* **Records shown**

※ ※ ※

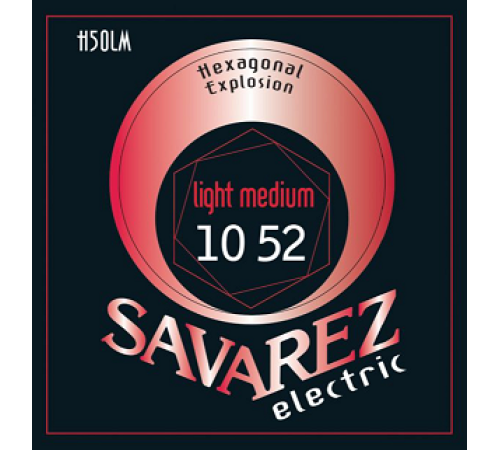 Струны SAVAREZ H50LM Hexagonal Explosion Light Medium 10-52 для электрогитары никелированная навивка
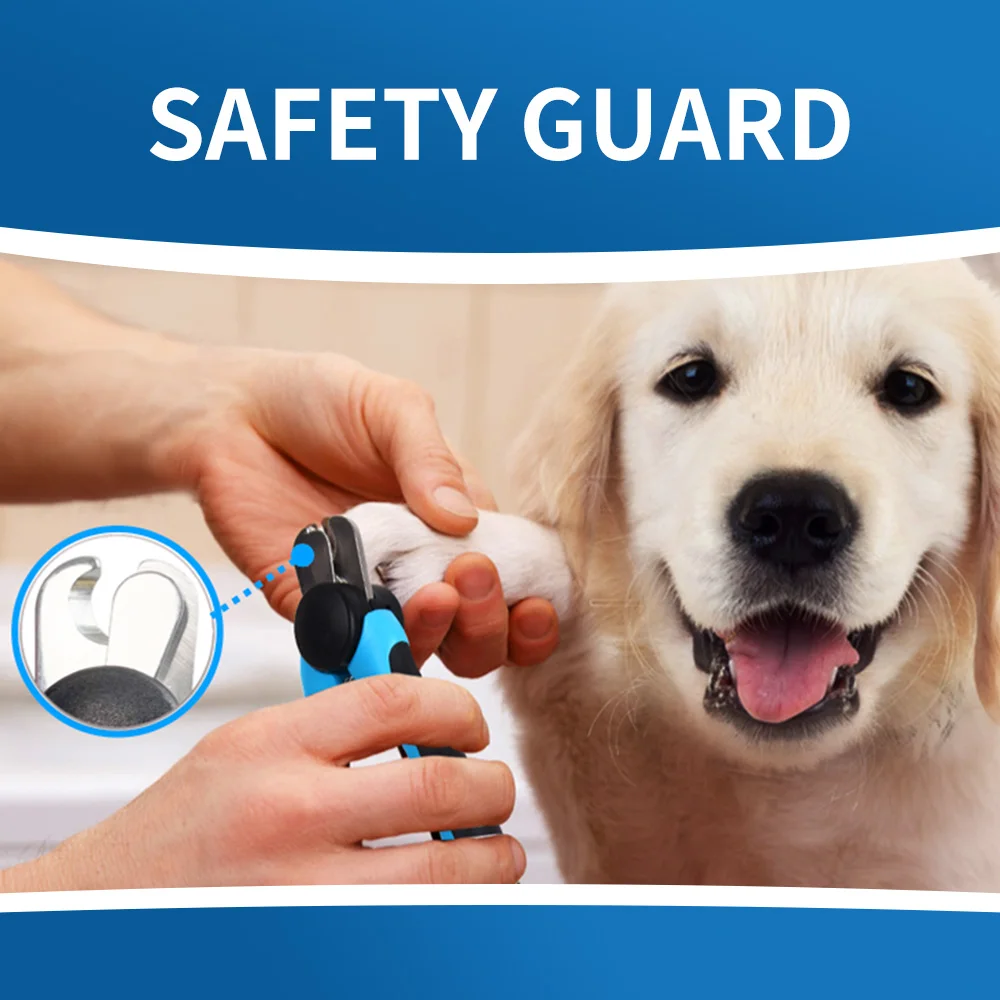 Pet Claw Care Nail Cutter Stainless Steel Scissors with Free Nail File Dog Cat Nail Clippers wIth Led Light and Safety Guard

※ ※ ※

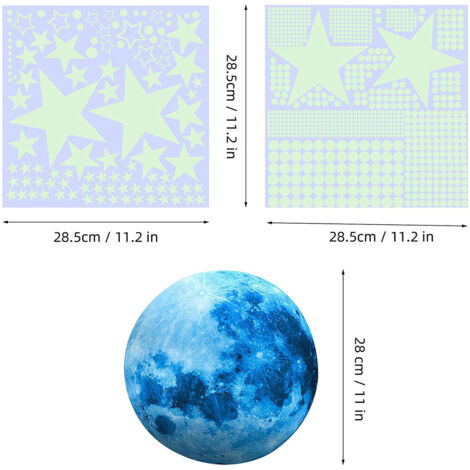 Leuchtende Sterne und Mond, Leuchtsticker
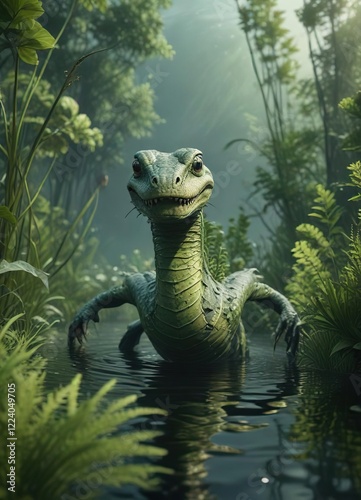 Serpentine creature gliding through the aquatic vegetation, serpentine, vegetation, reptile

※ ※ ※

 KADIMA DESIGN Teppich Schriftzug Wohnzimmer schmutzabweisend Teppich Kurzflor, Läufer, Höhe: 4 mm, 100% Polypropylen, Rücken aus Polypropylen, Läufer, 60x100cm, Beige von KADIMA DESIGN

※ ※ ※

* **Exercise objective**
Copy out the listing above from the line containing "Leuchtende Sterne und Mond, Leuchtsticker" to the line containing "Serpentine creature gliding", both included, exactly as written and minus the images.

* **Problem solution**
 Leuchtende Sterne und Mond, Leuchtsticker
 Serpentine creature gliding through the aquatic vegetation, serpentine, vegetation, reptile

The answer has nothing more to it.